The group leader urges him into an explosion of fury at his father that ends in a gesture of reconciliation as Israel sings one of his son's songs. They talk about Thom's mother, Israel's wife, and her suicide (she cut her wrists; her son found her body).
Then Israel says, "'But it was her choice. You know that, don't you?'
My hands around his throat will do the job; it will take mere moments.
'You don't think,' I say, 'you played a role in her … choice?'
'Ever'thing did. Me, you, the weather, what she ate that day, what she drank, it all added up: oppressive, temptin'. But to blame somebody's takin' their life on one thing, one person … Nobody's that important to somebody else.'
I clench one fist inside the other. 'I think she loved you that much.'
He laces his fingers atop his old axe, looks at me, and glances at his hands. 'Son, that's hate, not love.'"
For this reader such moments, when rage crumbles as a barrier drops to reveal a more honest layer of awareness, are the most rewarding in the novel. There are also scenes of terror from the increasingly dangerous "Furies," the crossroads when Thom faces the church deacons who accuse him of an "ungodly relationship" with a parishioner, and revelations about both Israel and Thom, who carries a Lee Oskar harp in his shirt pocket and finally earns the right to play it.
The book is tightly woven, every sentence crammed with imagery and allusions. As a writing achievement, it's a tour de force that bears the mark of great care and unflinching self-examination in the painstaking process of its writing.
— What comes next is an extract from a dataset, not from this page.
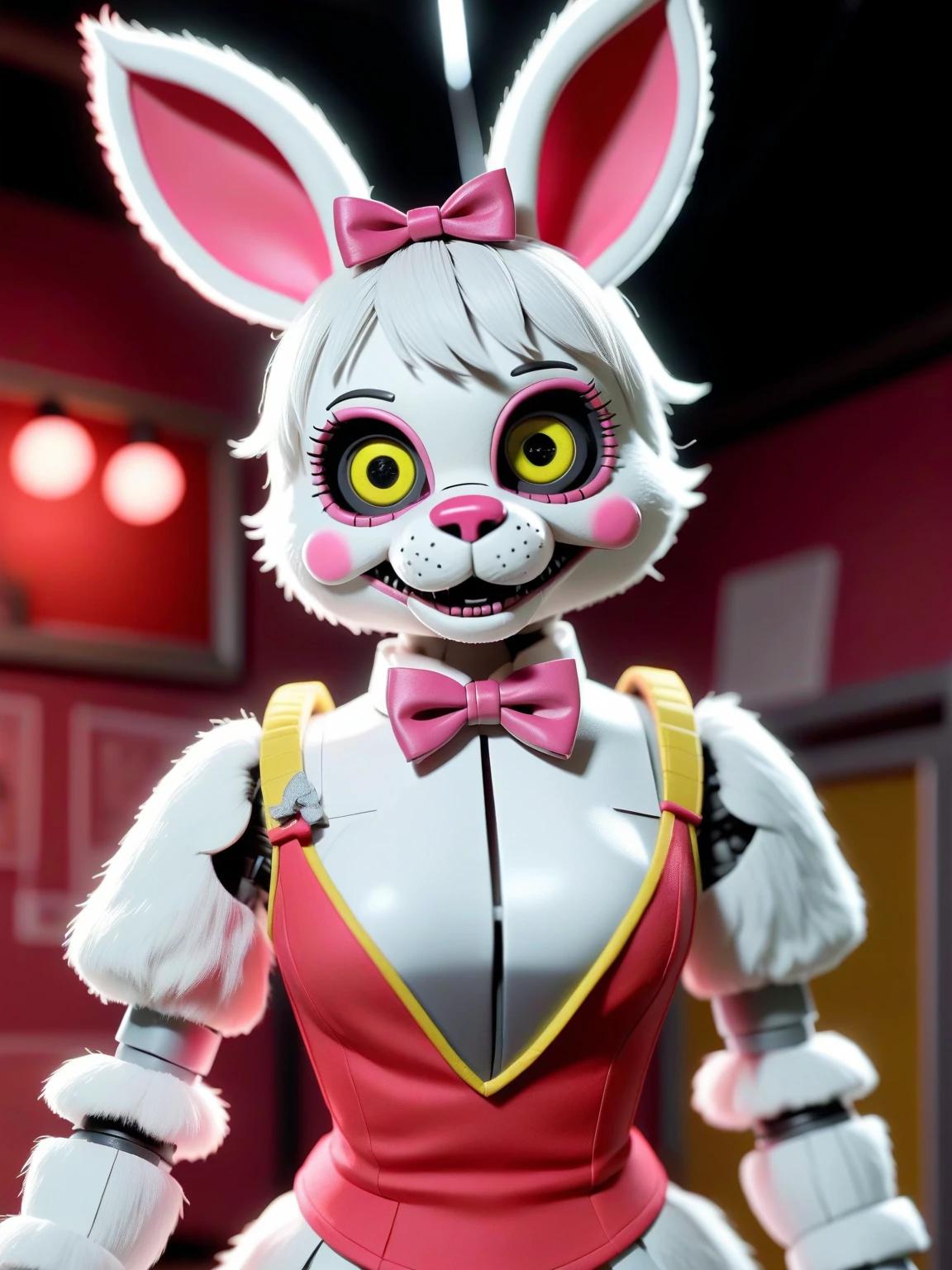 Sister funtimefoxy  thumbnail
Ed Davis has written his best novel yet, pulling up his love/hate for music and church by their Appalachian roots and spinning a story of adversaries that scrape their rough edges together and generate flares of agony, beauty, and hard-won truths on the other side.


 

Marilyn Monroe reading Ulysses
 

SHORT TAKES  (by MSW Unless Otherwise Noted)
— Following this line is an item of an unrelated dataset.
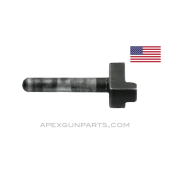 Browning M2 .50 Cal. Cocking Lever Pin, *Very Good*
Secret History by Donna Tartt

I read Donna Tartt's 1992 Secret History, which is about a murder and its aftermath. I started out impatient, not liking it-- it seemed like another bunch of entitled kids acting badly-- but it got better, or I got into it. In the end, it is a page turner with interesting characters (in spite of their incredibly narrow world and fatal silliness). The sensual experience here is all drugs and alcohol, plus the narrator's passion for his friends.
The victim of the murder is obnoxious yet oddly lovable. There is a set of twins who are charming and twisted, and the group's elderly mentor, the wealthy scholar Julian, has a heart of ice. I don't think it is a profound novel, but it has great late-nineteen eighties/early nineties stylishness. It's a knowingly intellectual, thriller.
Completely unsurprising that Tartt was/is a friend of Bret Easton Ellis, also Jonathan Lethem and Jill Eisenstadt.
Here's what the New York Times said in 1992: "Of course, many 19th-century writers -- from Dickens to Dostoyevsky -- used similarly melodramatic events to fuel their novels' plots, but the moral resonance of such works is never achieved by 'The Secret History.' Because Ms. Tartt's characters are all such chilly customers, they do not so much lose their innocence as make a series of pragmatic, amoral decisions. As a result, real guilt and suffering do not occur in this novel; neither does redemption. The reader is simply left with a group portrait of the banality of evil. As a ferociously well-paced entertainment, however, 'The Secret History' succeeds magnificently. Forceful, cerebral and impeccably controlled, 'The Secret History' achieves just what Ms. Tartt seems to have set out to do: it marches with cool, classical inevitability toward its terrible conclusion."

The Master by Colm Toibin

What a beautiful book, and-- when you come down to it -- a book with a happy ending. It is a novel version of the life of the great novelist, Henry James. The story begins with a public catastrophe for him-- the failure of his play, publicly and humiliatingly. James is wounded and has sad flashbacks to two men he had sexual feelings for but never (in the novel and by many biographer's evidence) acted on. There are flashbacks to childhood, to his sister Alice dying, his parents' deaths, how he and his brother William James didn't go to fight in the Civil War, but his younger brothers did, and the horrible suffering brother WIlkie went through.
There's also a lot about a woman who probably was in love with him, who killed herself, Constance Fenimore Woolson. She was an American writer, a grand-niece of James Fenimore Cooper.
The novel ends about 4 years after the disaster with the play, with James having moved to a house he loves, with visits from his brother and family, and then Edmund Gosse. There is is a delightful luncheon where everyone is at their best.
In the course of this relatively eventful period in James life, with a lot of suffering, he has been constantly imagining two of his greatest books, and it ends with him about to write them.
James is not entirely attractive: his coolness and fussiness are off-putting, and he refuses to take his own advice from The Ambassadors about seizing life and living, but it is a delightful engrossing novel. And how did Toibin do it-- make fiction out of James thinking up his ideas for his fiction? Just extraordinary, both the portrait of an artist, definitely the best I've ever read, and the magical drama of what is on the face of it not very dramatic at all.
I have to wonder what someone who hasn't read James or who knows nothing about the Jameses, would make of it?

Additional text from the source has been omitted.